Being in the "blog world", I've started to notice that pretty much every blog written by a woman, has a link to her and her beau's love story. The creeper inside me loves this, because if I find a blog I like, I always like it more when I can get to know the writer more intimately. And the curious side of me loves this, because I get to wander through the world of "other people's relationships" and study what makes other relationships tick.
In a love story I read recently, the writer said she loved her husband because he wasn't perfect for her. She said she'd had perfect before, and she couldn't handle it. She needed to work at a relationship, and if it's perfect, there's no work. I found that so interesting, because one of the things that I love most about Bill and I, is that he is perfect for me.  Could I probably be OK in a relationship with someone who wasn't perfect for me? Sure. Could I maybe even be happy, if in this hypothetical life I had never met Bill? Probably. But the way I see it, there is enough mediocre shit in this world, love shouldn't be one part of it. I don't want to be OK, I want to live my life with my best friend, my soulmate, and the love of my life, who is perfect for me, regardless of how imperfect of a person he is.

And now I have everything I could have ever asked for, and more.
I have a boyfriend who continually surprises me, even in small ways, with sweet gestures or kind words, or weekend trips, or unexpected adventures. I have a boyfriend who surprises me by always having more layers of himself for me to discover, explore and learn about, and then fall in love with.

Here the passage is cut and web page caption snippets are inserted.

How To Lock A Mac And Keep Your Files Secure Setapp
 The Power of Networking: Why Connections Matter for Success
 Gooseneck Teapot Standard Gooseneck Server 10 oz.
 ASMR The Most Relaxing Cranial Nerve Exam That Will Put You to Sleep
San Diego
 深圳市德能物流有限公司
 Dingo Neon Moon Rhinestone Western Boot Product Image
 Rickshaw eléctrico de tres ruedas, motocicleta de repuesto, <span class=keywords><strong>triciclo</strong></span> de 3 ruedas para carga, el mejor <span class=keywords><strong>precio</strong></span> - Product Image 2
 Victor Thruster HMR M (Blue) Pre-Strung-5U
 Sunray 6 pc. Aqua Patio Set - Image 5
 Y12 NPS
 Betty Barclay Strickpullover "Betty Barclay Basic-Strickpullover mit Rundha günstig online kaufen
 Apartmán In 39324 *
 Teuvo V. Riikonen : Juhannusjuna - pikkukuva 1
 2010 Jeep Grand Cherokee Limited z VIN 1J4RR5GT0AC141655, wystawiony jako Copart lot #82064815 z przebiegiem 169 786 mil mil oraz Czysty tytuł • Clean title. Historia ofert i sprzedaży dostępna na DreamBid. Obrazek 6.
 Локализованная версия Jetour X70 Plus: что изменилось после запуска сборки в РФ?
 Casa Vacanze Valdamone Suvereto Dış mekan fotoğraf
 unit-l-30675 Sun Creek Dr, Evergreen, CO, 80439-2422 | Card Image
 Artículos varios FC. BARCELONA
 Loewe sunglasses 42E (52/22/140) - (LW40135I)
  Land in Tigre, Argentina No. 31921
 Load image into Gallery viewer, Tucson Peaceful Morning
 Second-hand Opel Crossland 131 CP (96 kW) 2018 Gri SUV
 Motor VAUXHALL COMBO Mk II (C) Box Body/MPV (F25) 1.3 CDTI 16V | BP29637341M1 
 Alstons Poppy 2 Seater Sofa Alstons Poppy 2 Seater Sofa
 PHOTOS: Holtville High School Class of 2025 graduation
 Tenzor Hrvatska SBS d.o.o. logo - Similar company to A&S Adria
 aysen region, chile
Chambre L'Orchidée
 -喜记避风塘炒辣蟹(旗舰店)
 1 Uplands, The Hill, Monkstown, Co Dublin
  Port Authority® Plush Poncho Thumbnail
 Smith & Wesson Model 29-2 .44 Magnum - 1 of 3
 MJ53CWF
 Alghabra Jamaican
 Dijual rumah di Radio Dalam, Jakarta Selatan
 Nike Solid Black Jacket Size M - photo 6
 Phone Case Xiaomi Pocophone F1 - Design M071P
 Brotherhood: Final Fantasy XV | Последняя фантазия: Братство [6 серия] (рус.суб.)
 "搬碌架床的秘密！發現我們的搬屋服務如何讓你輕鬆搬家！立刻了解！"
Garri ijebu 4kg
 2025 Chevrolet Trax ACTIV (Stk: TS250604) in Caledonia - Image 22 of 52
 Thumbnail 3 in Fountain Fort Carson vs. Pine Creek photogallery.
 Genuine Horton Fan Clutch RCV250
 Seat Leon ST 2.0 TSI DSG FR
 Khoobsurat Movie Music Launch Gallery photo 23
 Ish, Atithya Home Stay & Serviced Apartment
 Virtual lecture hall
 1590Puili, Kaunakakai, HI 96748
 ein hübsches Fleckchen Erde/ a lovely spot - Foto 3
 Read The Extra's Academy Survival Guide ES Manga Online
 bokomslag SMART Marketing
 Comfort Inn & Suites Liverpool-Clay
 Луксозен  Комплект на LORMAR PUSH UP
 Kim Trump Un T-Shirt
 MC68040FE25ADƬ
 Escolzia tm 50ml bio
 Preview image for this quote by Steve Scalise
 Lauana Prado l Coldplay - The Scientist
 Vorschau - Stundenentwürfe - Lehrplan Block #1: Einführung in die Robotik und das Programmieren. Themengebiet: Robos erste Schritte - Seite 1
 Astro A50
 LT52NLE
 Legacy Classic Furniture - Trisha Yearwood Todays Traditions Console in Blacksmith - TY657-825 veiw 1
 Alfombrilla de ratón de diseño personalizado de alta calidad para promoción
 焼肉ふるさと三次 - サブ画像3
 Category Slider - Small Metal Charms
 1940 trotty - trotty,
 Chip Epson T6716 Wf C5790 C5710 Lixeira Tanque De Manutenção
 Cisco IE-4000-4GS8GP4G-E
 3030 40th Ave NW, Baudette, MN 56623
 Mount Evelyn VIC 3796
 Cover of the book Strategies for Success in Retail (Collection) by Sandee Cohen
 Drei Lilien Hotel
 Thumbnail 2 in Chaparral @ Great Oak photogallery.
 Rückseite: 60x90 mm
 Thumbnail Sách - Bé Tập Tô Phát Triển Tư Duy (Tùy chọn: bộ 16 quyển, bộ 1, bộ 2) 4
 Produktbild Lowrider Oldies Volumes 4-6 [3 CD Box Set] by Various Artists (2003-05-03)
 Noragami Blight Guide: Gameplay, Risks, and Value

I have a boyfriend who calls me on my shit, even when I don't want him to, because I need him to, and he gets that. He says things that are true, even if it doesn't feel good to say it or for me to hear it, because he tries to communicate openly with me, which is something I desperately need in my relationships. I have a boyfriend who works hard, and tries hard, and puts everyone else first, and makes the best plans for the future.

He is perfect for me, but he's not perfect, if that makes sense, and that is what I need. I can't handle being around perfect people. They intimidate me. Bill is flawed, and he's pretty open about that. But for me, he loves me just right, and gets me so well, and gives me so much to look forward to and be thankful about.

I'm not saying it isn't ever hard, of course it's hard! But it's what I've been waiting for since I first ventured into the world of intimate relationships with men.

It's so interesting to me that two people can work so well together, for any number of reasons, but paired up with someone else, it just doesn't work.
I know a couple who has the "never go to bed angry policy" and that works for them. I know a couple who has a "always go to bed angry, sleep it off and apologize over breakfast" policy, and that works for them.

Bill and I are still learning what works for us, but I'm sure it's very different than other couples. At the end of the day, it all comes down to love though, doesn't it? The ties that bond, and the blissful feeling of connecting with another human being in just the right way, in the midst of all the busy, crazy, lonely noise of this big small world.
Isn't that what this life is all about?